Collect a large dataset of text that’s representative of the style and content you want to generate.
* Clean the text data (remove unwanted characters, correct spellings), and preprocess it (tokenization, lowercasing, removing stop words if necessary).
Choose a deep neural network architecture to handle sequences for text generation.
* Frame the problem as a sequence modelling task where the model learns to predict the next words in a sequence.
Use your text data to train the model.

# Text Generation Model using Python

In [None]:
import tensorflow as tf
import tensorflow_datasets as tfds
import numpy as np
dataset,info=tfds.load('tiny_shakespeare', with_info=True, as_supervised=False)

Downloading and preparing dataset Unknown size (download: Unknown size, generated: 1.06 MiB, total: 1.06 MiB) to /root/tensorflow_datasets/tiny_shakespeare/1.0.0...


Dl Completed...: 0 url [00:00, ? url/s]

Dl Size...: 0 MiB [00:00, ? MiB/s]

Generating splits...:   0%|          | 0/3 [00:00<?, ? splits/s]

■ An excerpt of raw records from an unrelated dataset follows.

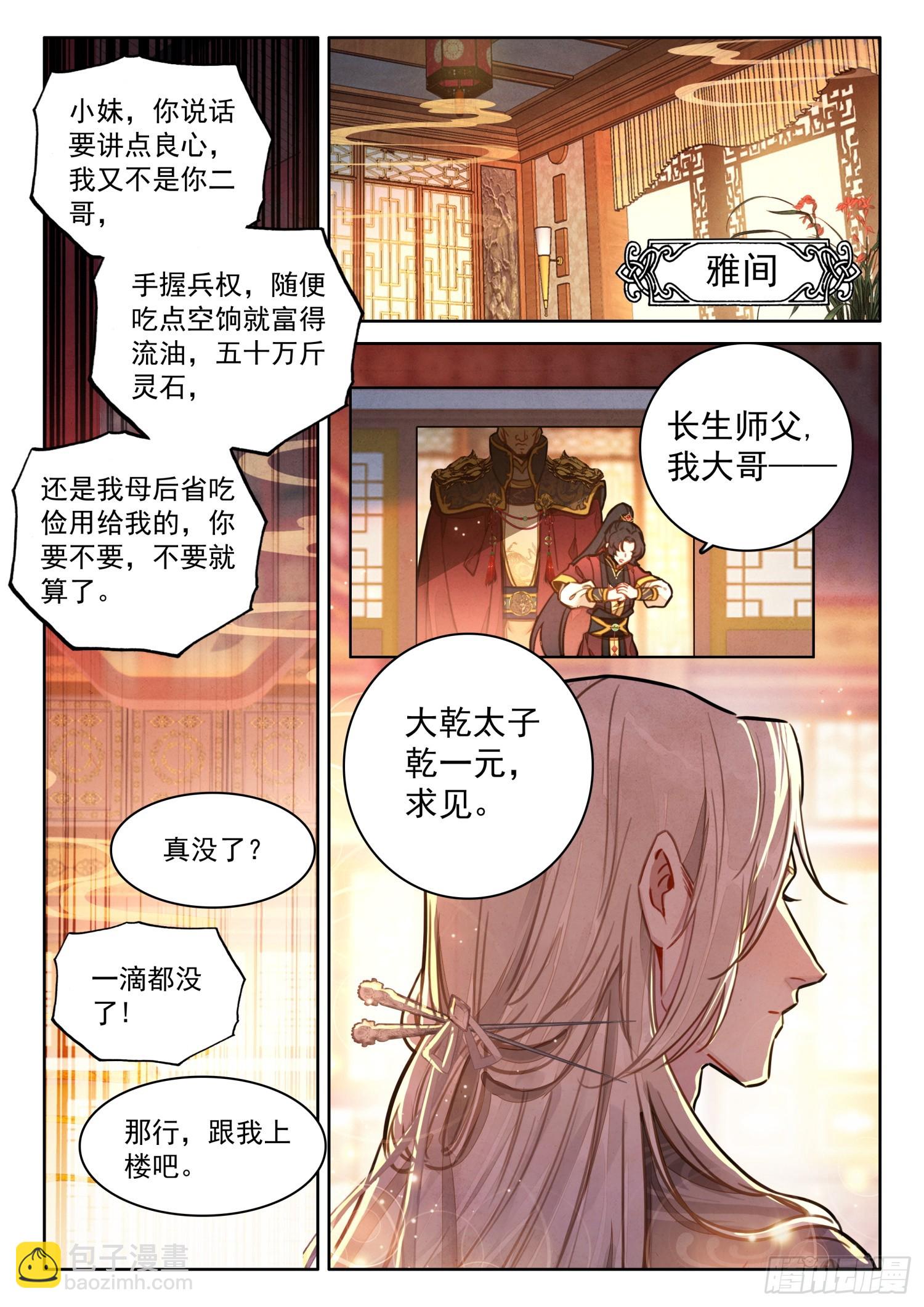 55 师兄，救我-第65话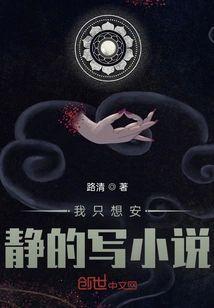 我只想安静的写小说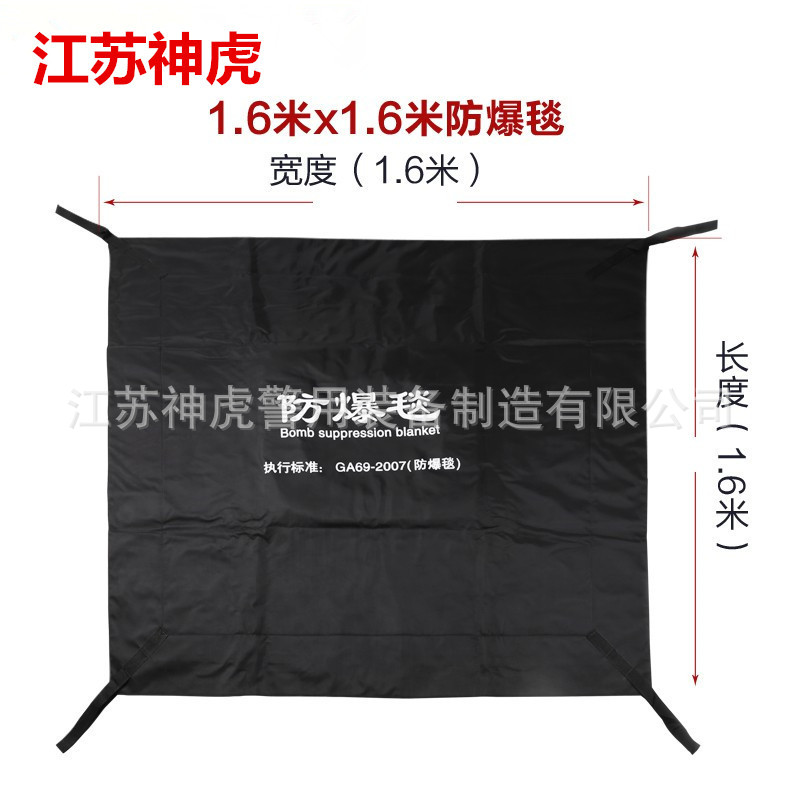 供应GA69-2007防爆毯 防暴内外围栏双围栏 1.6米*1.6米防暴毯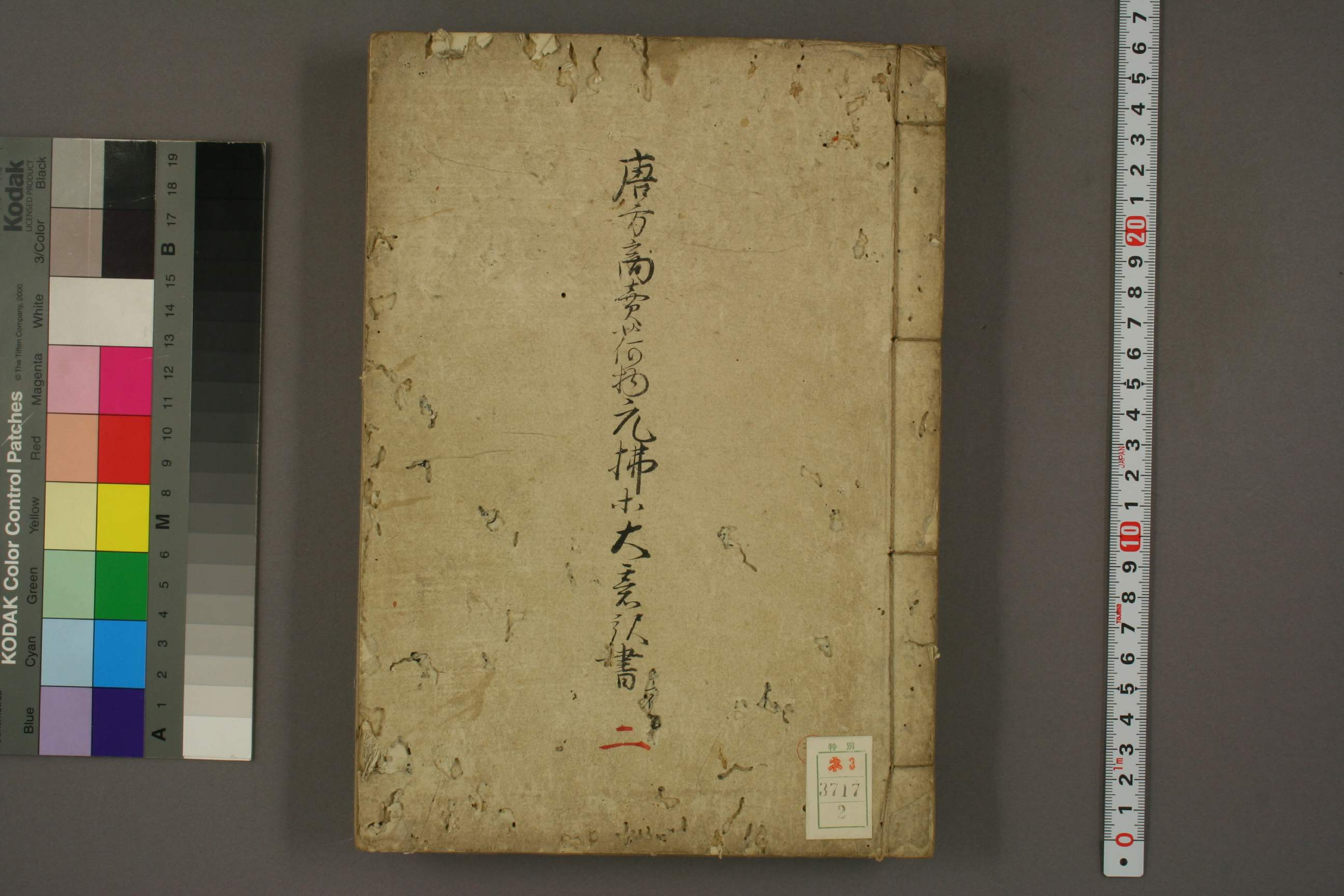 唐船商売方之大意.pdf 第1页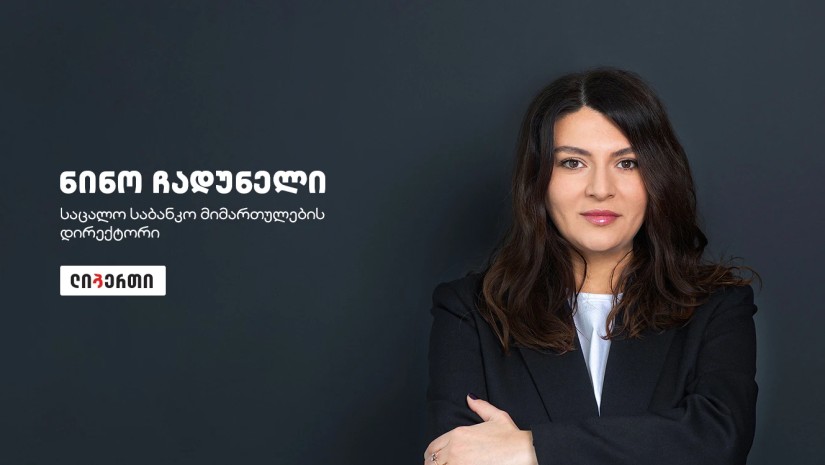 ნინო ჩადუნელი 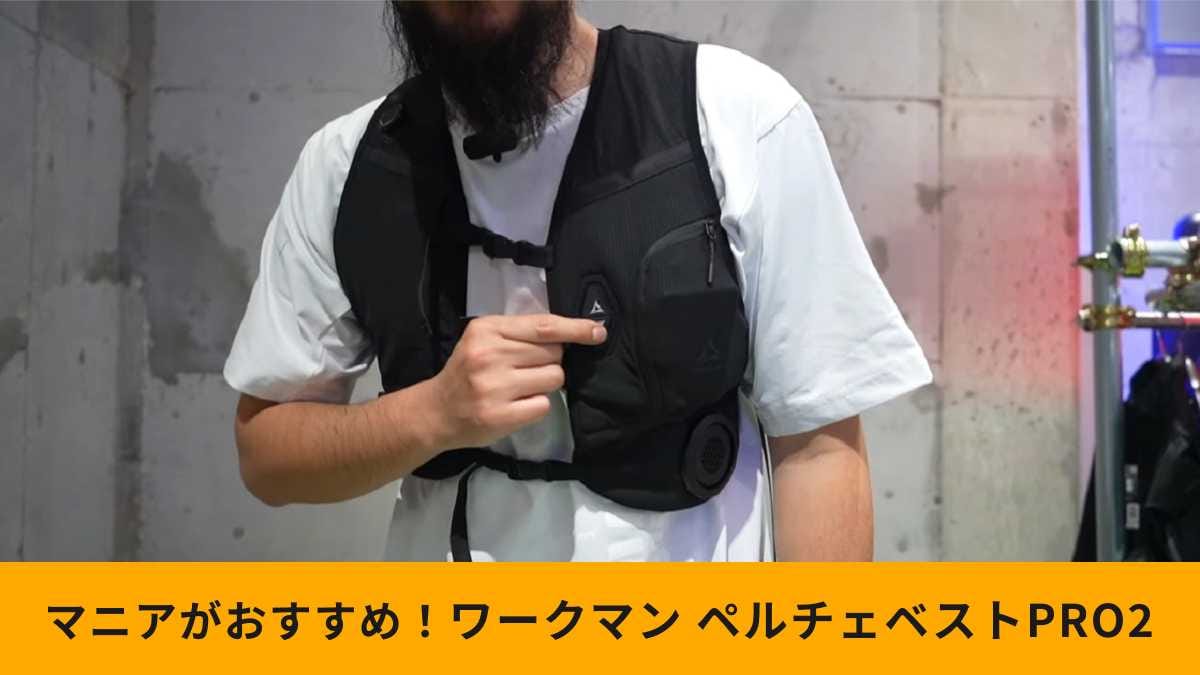 ワークマン】「アイス×ヒーターペルチェベストPRO2」が超進化！冷却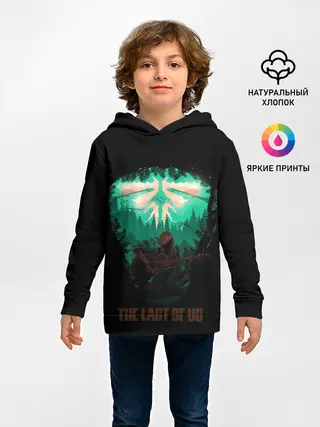 Детское худи / The Last of Us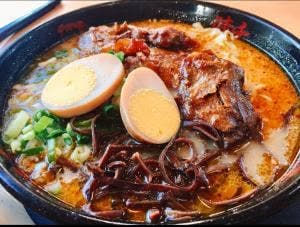 味千ラーメン 国体通店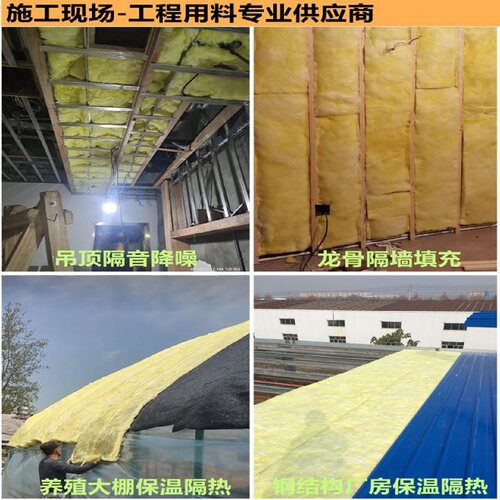 铝箔离心玻璃棉卷毡养殖大棚防火隔热棉彩钢房屋顶墙体吸音隔音棉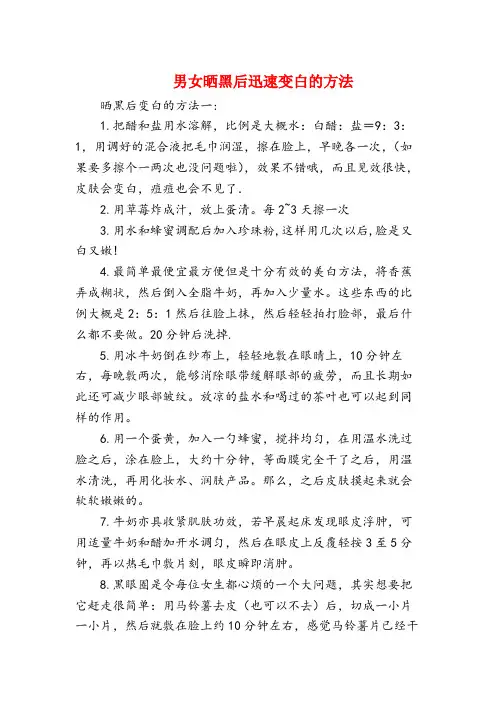 男女晒黑后迅速变白的方法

Generating train examples...:   0%|          | 0/1 [00:00<?, ? examples/s]

Shuffling /root/tensorflow_datasets/tiny_shakespeare/1.0.0.incompleteLN6V80/tiny_shakespeare-train.tfrecord*..…

Generating validation examples...:   0%|          | 0/1 [00:00<?, ? examples/s]

Shuffling /root/tensorflow_datasets/tiny_shakespeare/1.0.0.incompleteLN6V80/tiny_shakespeare-validation.tfreco…

Generating test examples...:   0%|          | 0/1 [00:00<?, ? examples/s]

Shuffling /root/tensorflow_datasets/tiny_shakespeare/1.0.0.incompleteLN6V80/tiny_shakespeare-test.tfrecord*...…

Dataset tiny_shakespeare downloaded and prepared to /root/tensorflow_datasets/tiny_shakespeare/1.0.0. Subsequent calls will reuse this data.


# conversion into numeric form

In [None]:
# Get the first batch of text from the training dataset
text = next(iter(dataset['train']))['text'].numpy().decode('utf-8')

# Create a sorted list of unique characters in the text
vocab = sorted(set(text))

# Create a mapping from characters to their index
char2idx = {char: idx for idx, char in enumerate(vocab)}

# Create an array that maps indices to characters
idx2char = np.array(vocab)

# Convert the text to a sequence of integers
text_as_int = np.array([char2idx[c] for c in text])

# Set the length of each input sequence
seq_length = 100

# Calculate the number of sequences we can generate from the text
examples_per_epoch = len(text) // (seq_length + 1)

# Create a TensorFlow Dataset object from the sequence of integers
char_dataset = tf.data.Dataset.from_tensor_slices(text_as_int)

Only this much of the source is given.